# What is needed
Find the line that contains "Mutter-Tochter-System Zwei in" in the entries below. Restate it and every line after it, word for word, with no pictures.
________________
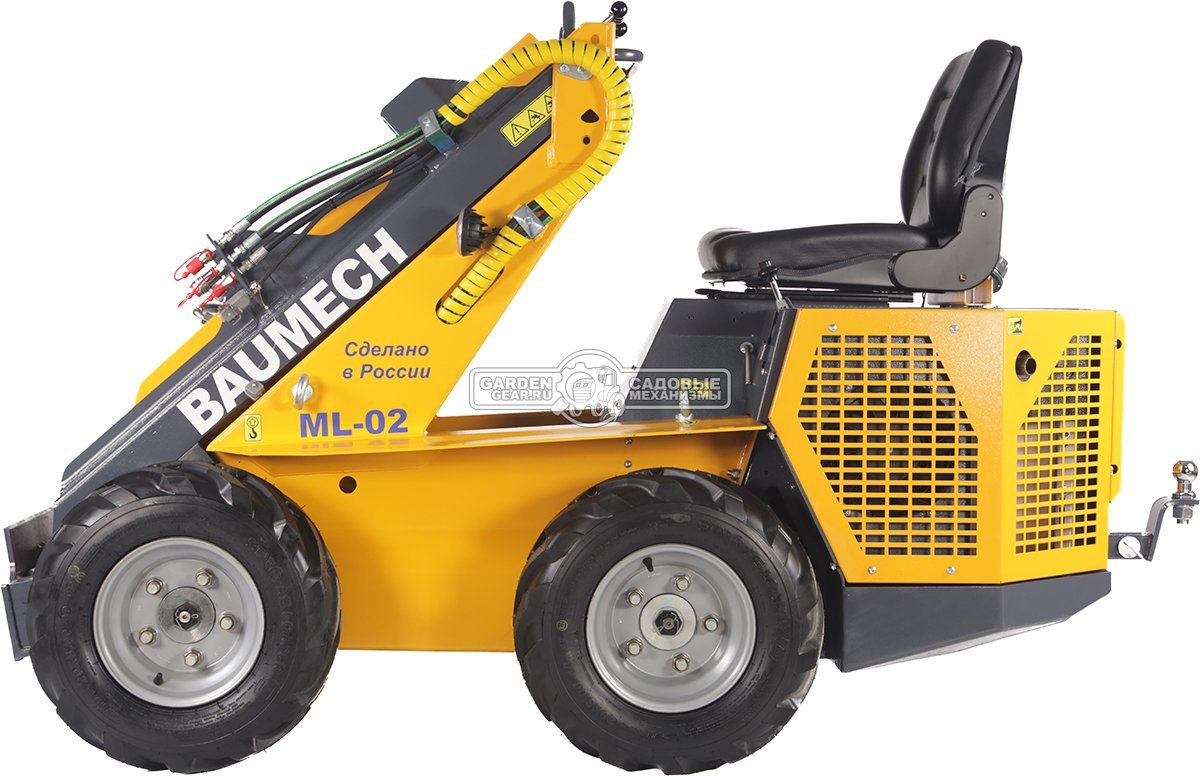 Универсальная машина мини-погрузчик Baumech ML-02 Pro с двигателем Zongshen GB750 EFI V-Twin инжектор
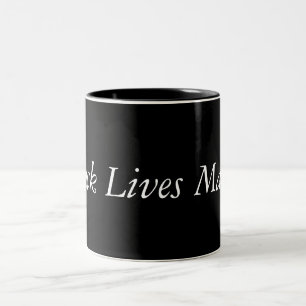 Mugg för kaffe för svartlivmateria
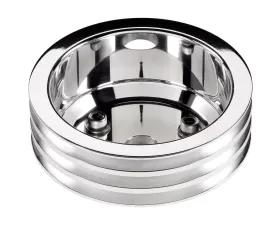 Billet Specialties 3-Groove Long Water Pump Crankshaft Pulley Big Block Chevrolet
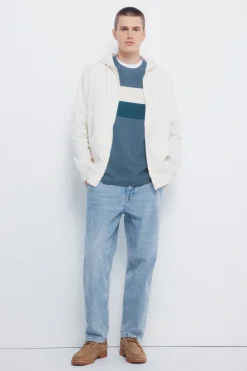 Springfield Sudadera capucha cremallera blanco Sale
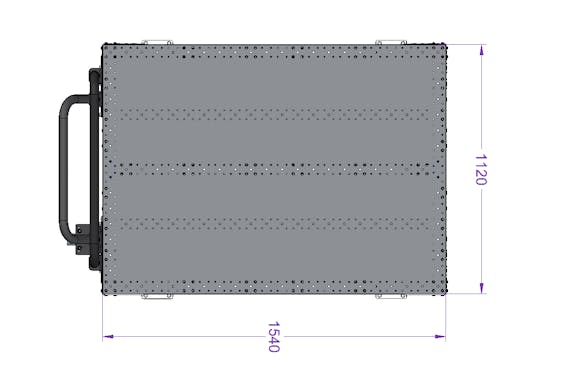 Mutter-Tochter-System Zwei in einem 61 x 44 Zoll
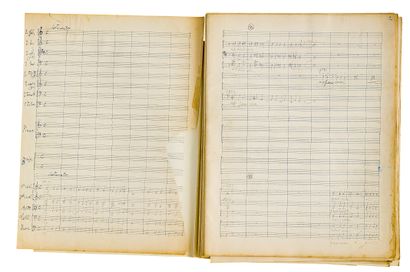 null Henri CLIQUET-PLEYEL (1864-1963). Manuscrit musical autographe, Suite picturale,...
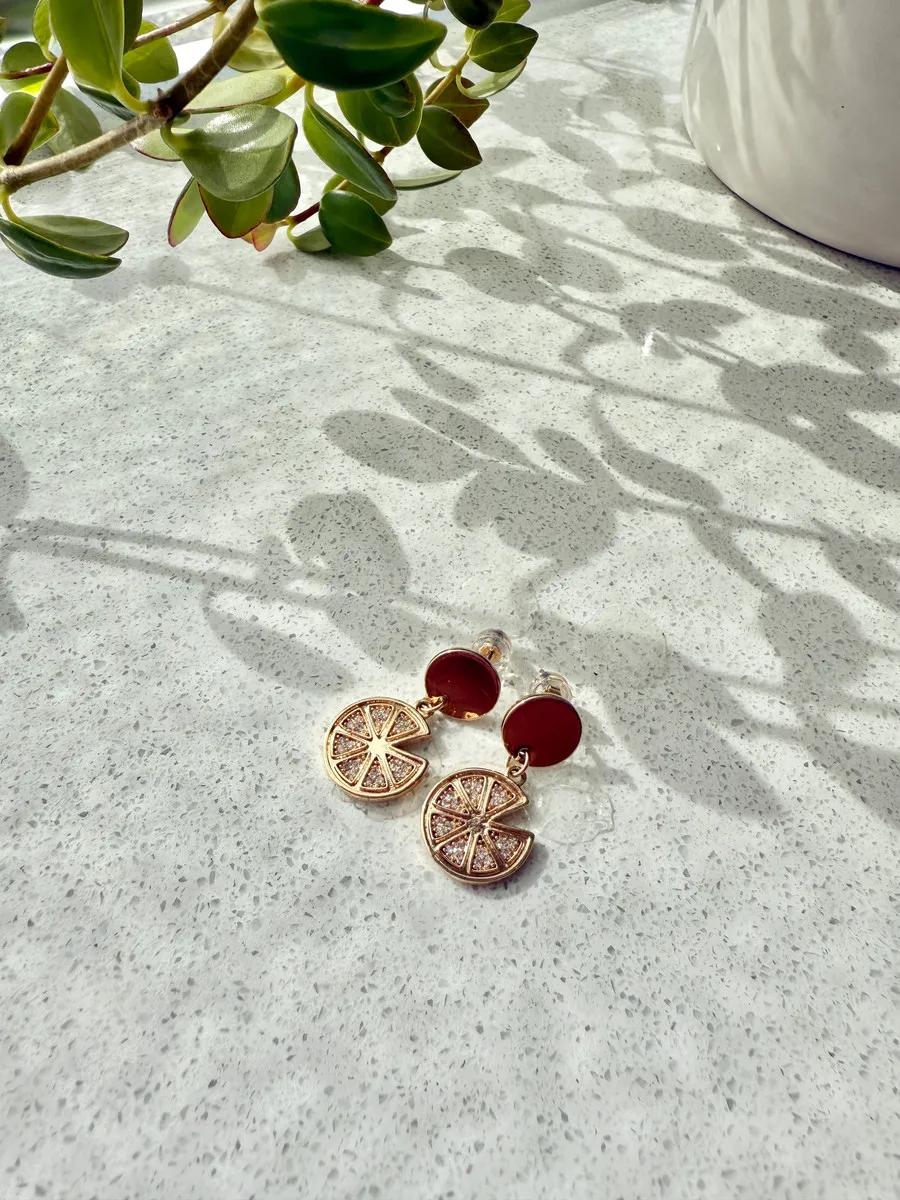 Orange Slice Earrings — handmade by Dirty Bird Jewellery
________________
# Problem solution
 Mutter-Tochter-System Zwei in einem 61 x 44 Zoll
 null Henri CLIQUET-PLEYEL (1864-1963). Manuscrit musical autographe, Suite picturale,...
 Orange Slice Earrings — handmade by Dirty Bird Jewellery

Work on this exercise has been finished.